Num conto de Tolstoy, certo dia, Jesus sem os discípulos meteu-se sozinho pelos meandros de uma cidade até chegar a um apinhado de gente que maldizia o cadáver putrefacto de um cão: uns enojavam-se do cheiro nauseabundo que empestava o ar e da pele pútrida que nem para sandálias daria, outros praguejavam contra as chagas repulsivas e aventavam se não teria sido enforcado por um ladrão. Todos se afastavam de tal nojo, mas Jesus aproximou-se e disse: «Olhai e vede, tem os dentes mais brancos e belos do que as pérolas». Indagando-se sobre aquele homem, perceberam pela sua compaixão que só poderia ser Jesus de Nazaré, o filho de Maria. E dali partiram envergonhados.
Diz a filosofia clássica de Aristóteles, assim a medieval de Aquino, que no ser humano se relacionam hierarquicamente três espécies de almas: a vegetativa, comum a plantas e animais, que realiza operações de regulação orgânica como o crescimento, a nutrição e a reprodução; a alma sensitiva comum aos animais pela qual há operações sensíveis, apetites e desejos, o movimento e, por fim, a alma intelectiva que exerce a vontade, a inteligência, a autoconsciência. É lícita a analogia entre esta tripartição humana e a organização comunitária da humanidade, seja na dimensão espacial da cidade, seja na temporalidade histórica que vai do nascimento de uma nação à ideia de pátria, isto é, desde os que vão nascendo na mesma terra falando uma certa língua, até aos que tomam consciência de um movimento especial em convergência de fins. Uma pátria é, de certa forma, um ser espiritual em sua suprema intelecção, fundado numa alma vegetativa que o sustenta instintivamente, animado de alma sensitiva pela memória que lhe imprime imaginação, apetrechado de consciência visando uma finalidade continuamente recriada entre os meandros difusos do mundo. Sem pátria a nação morre e é isto que está a acontecer a Portugal.

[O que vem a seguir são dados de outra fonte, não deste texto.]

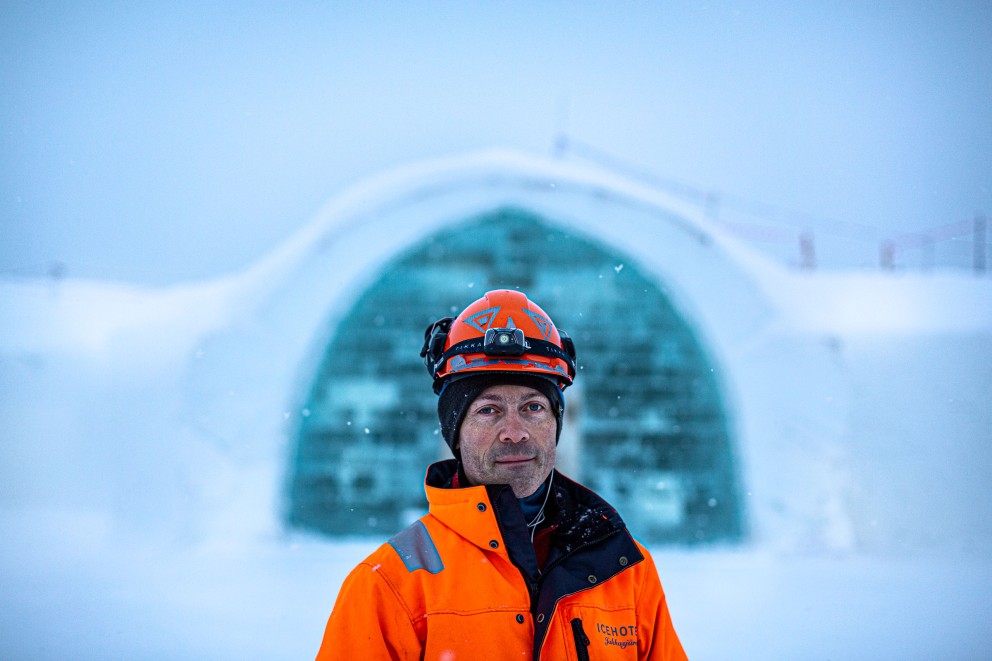Den kreativa chefen framför byggarbetsplatsen. Luca Roncoroni, 47, arkitekt, är kreativ chef för ishotellet. Han känns igen på den orange jackan. Den kreativa chefen framför byggarbetsplatsen. Luca Roncoroni, 47, arkitekt, är kreativ chef för ishotellet. Han känns igen på den orange jackan.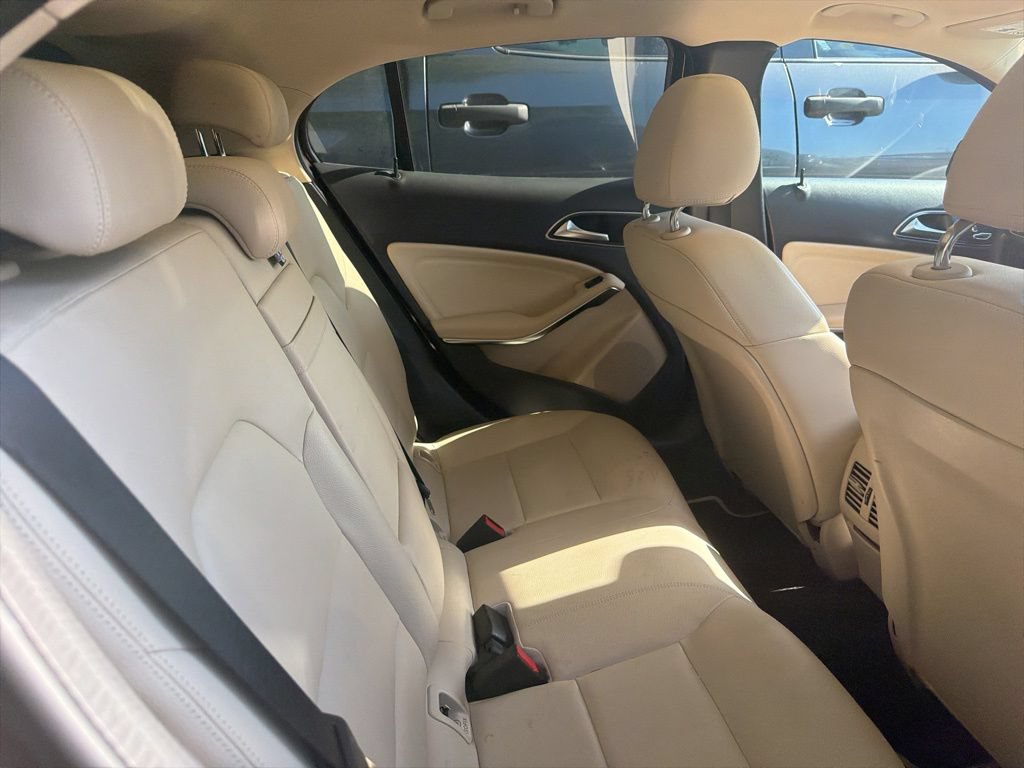 Used 2018 Mercedes-Benz GLA 250 4MATIC image 4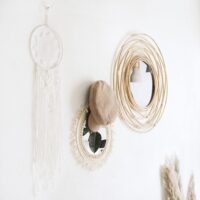 Witte dromenvanger met ronde vorm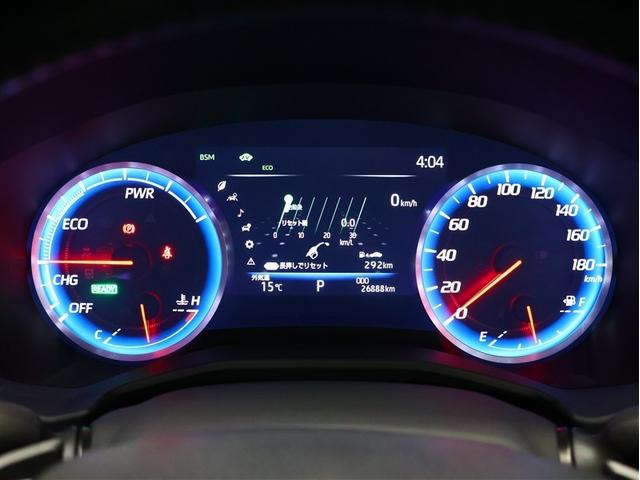 クラウンハイブリッド ＲＳアドバンス　フルセグ　メモリーナビ　ＤＶＤ再生　バックカメラ　衝突被害軽減システム　ＥＴＣ　ＬＥＤヘッドランプ　車線逸脱装置　オートマチックハイビーム　ブラインドスポットモニター　パノラミックビューモニター（17枚目）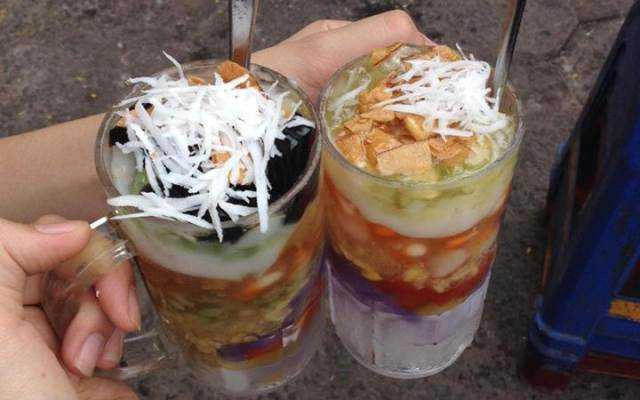 Ăn vặt Uy Roong 141 - Chè Các Loại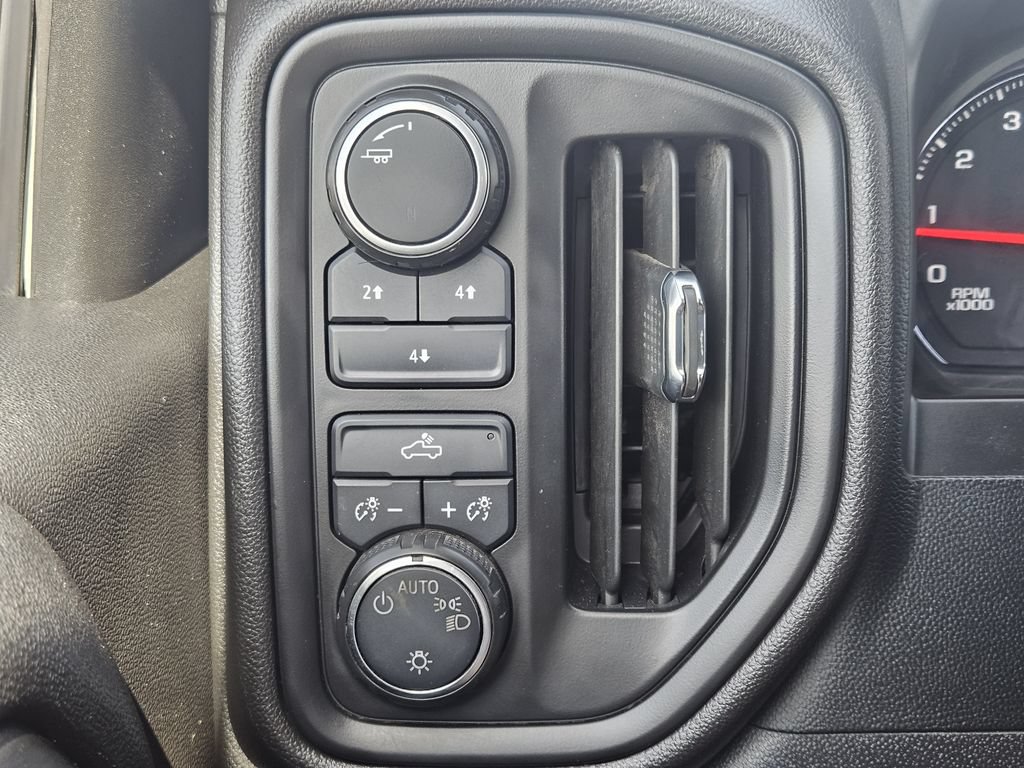 Used 2022 Chevrolet Silverado 2500 W/T w/ WT Convenience Package AWD/4WD image 19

Reparemos. A alma vegetativa portuguesa nasceu basicamente com a 1.ª Dinastia monárquica pela qual fizemos território, buscámos segurança militar para nos protegermos juntos, comungámos do espírito da língua nascente, nela selámos as régias ordenações jurídicas, ganhámos autonomia municipalista pelos forais, tudo nutrindo a nação que crescia; a alma sensitiva esmerou-se na 2.ª Dinastia em dois veios, um pela independência a Castela, outro pela expansão marítima, pois se só Ibéria ou Europa jamais teríamos sido Portugal, daqui rompendo o nosso poder vívido de sensibilidade e imaginação, expoentes maiores na arte manuelina e em Camões; a alma intelectiva impôs-se pela Restauração da 4.ª Dinastia na consciência mais aguda sobre as duas almas anteriores, ou seja, a dor filipina fez-nos saber quem éramos.
Atentemos agora nas ruturas: a crise de 1385 não só integrou o instinto fundacional vegetativo como nos impôs movimento expansivo, a sombra filipina e 1640 confirmou-nos a essência ultramarina, mesmo o terrível cisma do liberalismo em 1820, não obstante a amputação do Brasil e o choque contra a nação católica que sempre fomos, ainda manteve a raiz da memória histórica que, aliás, serviu de arma republicana para a rutura de 1910; por fim, o Estado Novo não só conservou a República (veja-se a toponímia pública mantida) como acentuou o sentido histórico e a independência nacional. Ou seja, ao longo de séculos fomos sempre integrando organicamente o passado.
Aqui chegados eis o erro e a exceção do 25/Abril, a quebra inédita: do regime anterior, esgotado e sem solução para a guerra ultramarina, o golpe inevitável abriu uma revolução destituída de Nação e oposta à ideia de Pátria. O 25/Abril quis romper com a História e a alma portuguesa, Portugal não voltou ao íntimo das suas três almas para se refundar, amar e pensar-se.
Ainda assim a Pátria persiste algures. Alguns dizem-na exangue qual animal morto e dela se afastam, mas olhemos atentos: «Tem os dentes mais brancos e belos do que as pérolas». Peçamos a Jesus que volte por cá!